10. EXISTING LICENCE REVOCATION POWERS ALREADY EXISTED
NSW Police already had powers to suspend or revoke firearms licences where public safety concerns existed.
11. THE PRIME MINISTER ORDERED A REVIEW INTO INTELLIGENCE STRUCTURES
The federal response focused on intelligence structures and law enforcement coordination.
12. THE FIREARMS REGISTRY HAD NO DEDICATED INTELLIGENCE ANALYST
The NSW Firearms Registry had no dedicated senior intelligence analyst embedded in the Registry from November 2021 to February 2025.
https://www.australianjewishnews.com/hearing-block-two-day-three/
13. COMMUNITY GROUPS REPORTEDLY REQUESTED STRONGER SECURITY
Evidence before the Commission reportedly shows requests were made for stronger police presence before the attack.
14. ASIO REPORTEDLY SHIFTED FOCUS AWAY FROM COUNTER-TERRORISM
Reports indicate intelligence resources had increasingly shifted toward espionage and foreign interference priorities before Bondi.
That raises serious questions about operational priorities and threat assessment.
https://apnews.com/article/b5851bbd22416f231fba2b5c63d4bbb5
15. NATIONAL SECURITY TENSIONS WERE ALREADY PUBLIC BEFORE BONDI
Even before Bondi, public reporting highlighted growing tensions, bureaucratic fragmentation and structural disputes inside Australia’s intelligence and national security system.
The warnings about coordination problems were already there.
16. THE POLICE COMMANDER DID NOT FULLY READ THE WARNING
The Royal Commission heard the NSW Police commander responsible for the Hanukkah by the Sea event did not fully read a security warning email before Bondi.
17. THE PEOPLE DEMANDING NEW POWERS ALREADY HAD POWERS
The powers existed. The systems existed. The frameworks existed.
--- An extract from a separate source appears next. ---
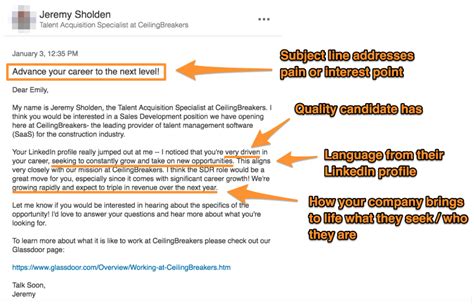 how to write an email to a recruiter on linkedin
The failure appears to have been acting on intelligence already available.
18. THE POLITICAL RESPONSE TARGETED LICENSED SHOOTERS FIRST
Before investigations were complete, ordinary shooters became the political target.
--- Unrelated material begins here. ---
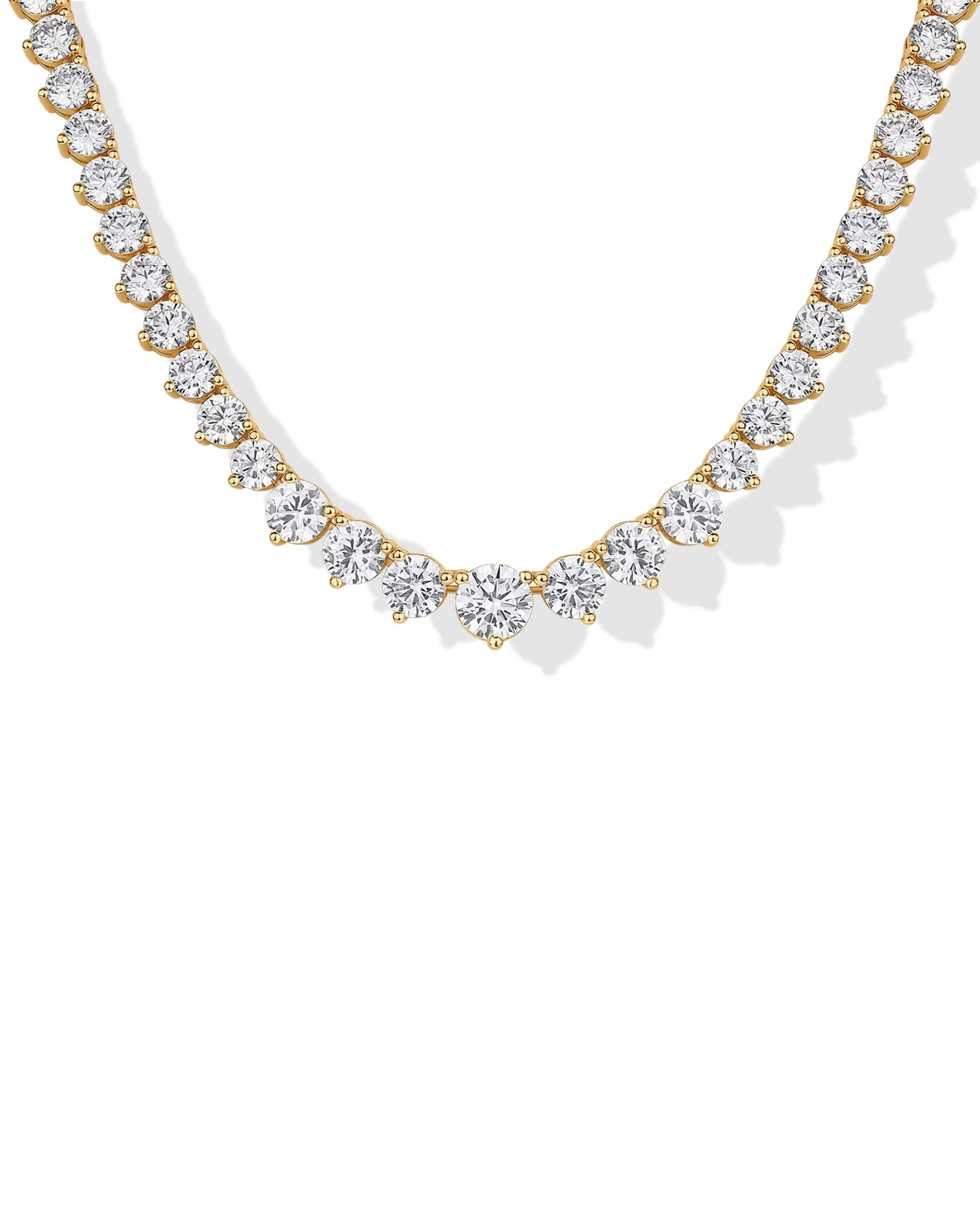 PAVOI 14K Gold Plated Graduated Tennis Necklace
19. AFP AND ASIO’s INTERNAL REVIEW DEFLECTED BLAME FROM THE OUTSET
They found there was no intelligence failure or negligence that allowed the Bondi attack to happen.
20. THE ORIGINAL SFF POSITION IS NOW BEING VINDICATED
From day one, the Shooters Fishers and Farmers Party argued this was not the fault of law-abiding firearms owners.
Licensed shooters did not fail Australia. Firearms dealers did not fail Australia. Sporting shooters did not fail Australia.
The failures now being exposed are failures of intelligence handling, coordination, prioritisation and accountability.
And instead of confronting those failures honestly, governments chose the easier political target first: The people who obey the law.
These new gun laws need to be repealed.